Sep 26


If you have decided to make a journey throughout the ancient history of Romania, the first thing you must go is Costeşti, the near Hunedoara, some 43 kilometers far, a distance that is easily ported by car, and from there on foot to Sarmizegetusa – the most important Dacian fortress.

What you must know before you see it for yourselves is that, between around 100 B.C.  and 100 A.D., Sarmisegetusa was a true megalopolis. It stretched for dozens of hectares and was protected by a ring of fortresses located on the surrounding hills. It was built on a terraced hill by the mysterious Dacians, the same way the Inca tribes terraced their mountains, but only a thousand years later. The amount of stone brought to these hills in order to build those amazing walls and fortresses around is greater than the volume of stone in the pyramid of Cheops. The stone was brought from quarries at 50-60 kilometers, the most plausible version states that the stone was brought during wintertime with the help of the the sledges. Stone blocks weight from 200 kilograms to several tons each.

The Dacian treasures are legendary. After the wars against the Roman Empire that took place between 105 and 106 A.D., Emperor Trajan brought to Rome enormous quantities of gold (165 tons) and silver (331 tons). The figures vary, but there were public facilities for 123 days and Roman citizens were exempt from taxes for a year.

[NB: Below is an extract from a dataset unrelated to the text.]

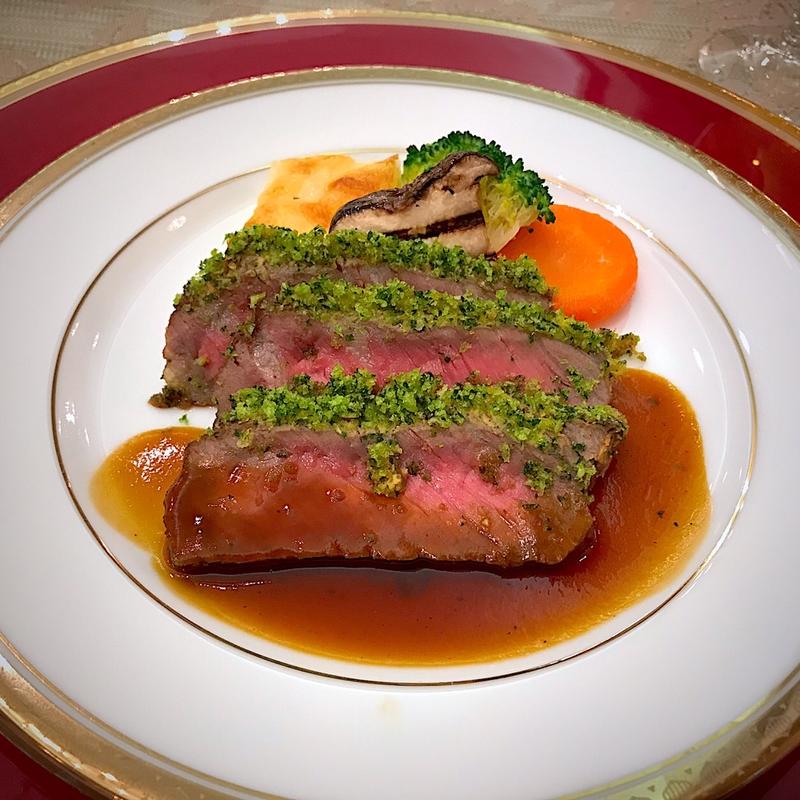 ローストビーフ(江陽グランドホテル )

Most experts say that the Romans did not find the greatest treasure of the Dacians, which luckily still remains buried in the area. It may be in Mount Godeanu, which guards Sarmisegetusa towards the north. The Solar Clock from the Altar – the best known and popularized in Sarmisegetusa – points directly towards north and Mount Godeanu. It is also possible that the treasure might have been moved. The excavations have continued in the area, but nothing of any formal research. The state is trying hard to stop the antique  “poachers” from continuing seeking out and selling various artifacts in the area. Recently, the staggering gold mold has been found by  historians and archeologists.

You can park your car next to the camping in Costeşti and start walking at a brisk pace towards Sarmizegetusa in the direction of the plate indicating 18 kilometers. These 18 kilometers can be driven in full drive, but if you insist going through this route without a car, admiring and enjoying the little surprises that this beautiful scenery has to offer – like birds, fruits and many other delights – the trip will be even more exciting.

Just followed the path of the car to the town nearby, although you can even get there by bike, because the road is easy, rather flat, with a single slope near the western gate of the town. Arriving at the destination you are going to be greeted by a map of this tourist attraction with some inspired additions made by other tourists.

The ruins are well maintained and well preserved, but the actual place is quite deserted in terms of tourism; no guide plates or informative point, of any other info place where you could find a flyer or information in addition to the above map, however there are numerous signs that warn you that “It is forbidden climbing on monuments”. As you’ve probably guessed, the entry is free and the trail traversing the city is at leisure. Make sure you have enough water supplies in your backpack, as an 18 kilometer walk will dry you out.

Limestone and andesite sanctuaries seems to serve and séances in addition to their primary role of historical monuments that represent one of the oldest and most accurate calendars and astronomic observatories of mankind.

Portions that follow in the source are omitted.